▸ **Exercise details**: Output exactly the line that includes "Chevrolet Silverado photo 14" and all the lines after it through the end of the listing below, and nothing more.

▸ **Data to use**:
----------------------------------------
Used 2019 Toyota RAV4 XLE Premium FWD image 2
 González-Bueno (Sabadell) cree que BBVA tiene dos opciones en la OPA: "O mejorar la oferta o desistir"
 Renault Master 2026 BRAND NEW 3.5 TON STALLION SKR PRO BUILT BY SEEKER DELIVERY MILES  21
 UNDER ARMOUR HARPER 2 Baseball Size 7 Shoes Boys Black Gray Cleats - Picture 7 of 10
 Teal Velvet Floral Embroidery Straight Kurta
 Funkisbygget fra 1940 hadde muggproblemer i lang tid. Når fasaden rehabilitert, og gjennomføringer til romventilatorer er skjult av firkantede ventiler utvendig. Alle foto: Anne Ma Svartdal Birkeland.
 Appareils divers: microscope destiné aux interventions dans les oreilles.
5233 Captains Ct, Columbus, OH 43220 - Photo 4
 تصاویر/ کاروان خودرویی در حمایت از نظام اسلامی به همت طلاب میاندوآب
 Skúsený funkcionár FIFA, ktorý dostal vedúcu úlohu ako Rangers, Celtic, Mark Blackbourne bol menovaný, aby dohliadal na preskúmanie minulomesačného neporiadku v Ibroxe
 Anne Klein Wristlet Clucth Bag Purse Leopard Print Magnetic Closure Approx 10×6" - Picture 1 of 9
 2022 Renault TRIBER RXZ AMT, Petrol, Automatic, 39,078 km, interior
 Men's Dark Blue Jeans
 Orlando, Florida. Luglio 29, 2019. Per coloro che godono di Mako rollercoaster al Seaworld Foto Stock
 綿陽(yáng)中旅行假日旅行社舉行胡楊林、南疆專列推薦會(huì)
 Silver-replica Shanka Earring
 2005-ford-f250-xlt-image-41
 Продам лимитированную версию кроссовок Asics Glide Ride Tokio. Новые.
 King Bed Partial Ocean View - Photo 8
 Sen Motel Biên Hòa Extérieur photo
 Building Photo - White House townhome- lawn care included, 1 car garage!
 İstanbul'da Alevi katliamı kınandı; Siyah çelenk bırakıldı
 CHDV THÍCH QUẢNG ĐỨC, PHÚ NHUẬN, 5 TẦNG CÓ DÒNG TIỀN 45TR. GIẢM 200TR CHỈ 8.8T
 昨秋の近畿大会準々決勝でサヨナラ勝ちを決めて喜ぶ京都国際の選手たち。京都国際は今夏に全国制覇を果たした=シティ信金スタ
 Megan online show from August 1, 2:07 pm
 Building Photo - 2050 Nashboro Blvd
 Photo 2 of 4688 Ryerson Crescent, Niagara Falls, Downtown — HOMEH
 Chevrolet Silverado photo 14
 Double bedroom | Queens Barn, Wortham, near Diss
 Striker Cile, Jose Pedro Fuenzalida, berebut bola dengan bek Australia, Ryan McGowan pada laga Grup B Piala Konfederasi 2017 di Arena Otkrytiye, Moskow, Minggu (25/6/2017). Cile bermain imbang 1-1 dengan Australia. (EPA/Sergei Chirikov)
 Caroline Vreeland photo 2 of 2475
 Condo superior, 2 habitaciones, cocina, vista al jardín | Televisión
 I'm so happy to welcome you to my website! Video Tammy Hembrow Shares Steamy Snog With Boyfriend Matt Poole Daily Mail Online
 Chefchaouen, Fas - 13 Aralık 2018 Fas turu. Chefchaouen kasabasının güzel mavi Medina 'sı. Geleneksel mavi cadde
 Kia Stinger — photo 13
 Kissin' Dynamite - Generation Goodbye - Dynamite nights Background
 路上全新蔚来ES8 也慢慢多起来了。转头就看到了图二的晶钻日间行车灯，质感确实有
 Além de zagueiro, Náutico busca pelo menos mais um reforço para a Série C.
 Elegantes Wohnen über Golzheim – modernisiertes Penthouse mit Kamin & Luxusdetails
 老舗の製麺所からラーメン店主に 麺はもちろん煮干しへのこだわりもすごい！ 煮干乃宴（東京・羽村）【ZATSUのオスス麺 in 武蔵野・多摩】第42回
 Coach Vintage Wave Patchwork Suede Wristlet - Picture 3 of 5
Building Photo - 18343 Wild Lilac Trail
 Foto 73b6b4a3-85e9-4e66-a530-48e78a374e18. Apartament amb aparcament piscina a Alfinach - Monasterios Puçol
----------------------------------------
▸ **Final answer**:
 Chevrolet Silverado photo 14
 Double bedroom | Queens Barn, Wortham, near Diss
 Striker Cile, Jose Pedro Fuenzalida, berebut bola dengan bek Australia, Ryan McGowan pada laga Grup B Piala Konfederasi 2017 di Arena Otkrytiye, Moskow, Minggu (25/6/2017). Cile bermain imbang 1-1 dengan Australia. (EPA/Sergei Chirikov)
 Caroline Vreeland photo 2 of 2475
 Condo superior, 2 habitaciones, cocina, vista al jardín | Televisión
 I'm so happy to welcome you to my website! Video Tammy Hembrow Shares Steamy Snog With Boyfriend Matt Poole Daily Mail Online
 Chefchaouen, Fas - 13 Aralık 2018 Fas turu. Chefchaouen kasabasının güzel mavi Medina 'sı. Geleneksel mavi cadde
 Kia Stinger — photo 13
 Kissin' Dynamite - Generation Goodbye - Dynamite nights Background
 路上全新蔚来ES8 也慢慢多起来了。转头就看到了图二的晶钻日间行车灯，质感确实有
 Além de zagueiro, Náutico busca pelo menos mais um reforço para a Série C.
 Elegantes Wohnen über Golzheim – modernisiertes Penthouse mit Kamin & Luxusdetails
 老舗の製麺所からラーメン店主に 麺はもちろん煮干しへのこだわりもすごい！ 煮干乃宴（東京・羽村）【ZATSUのオスス麺 in 武蔵野・多摩】第42回
 Coach Vintage Wave Patchwork Suede Wristlet - Picture 3 of 5
Building Photo - 18343 Wild Lilac Trail
 Foto 73b6b4a3-85e9-4e66-a530-48e78a374e18. Apartament amb aparcament piscina a Alfinach - Monasterios Puçol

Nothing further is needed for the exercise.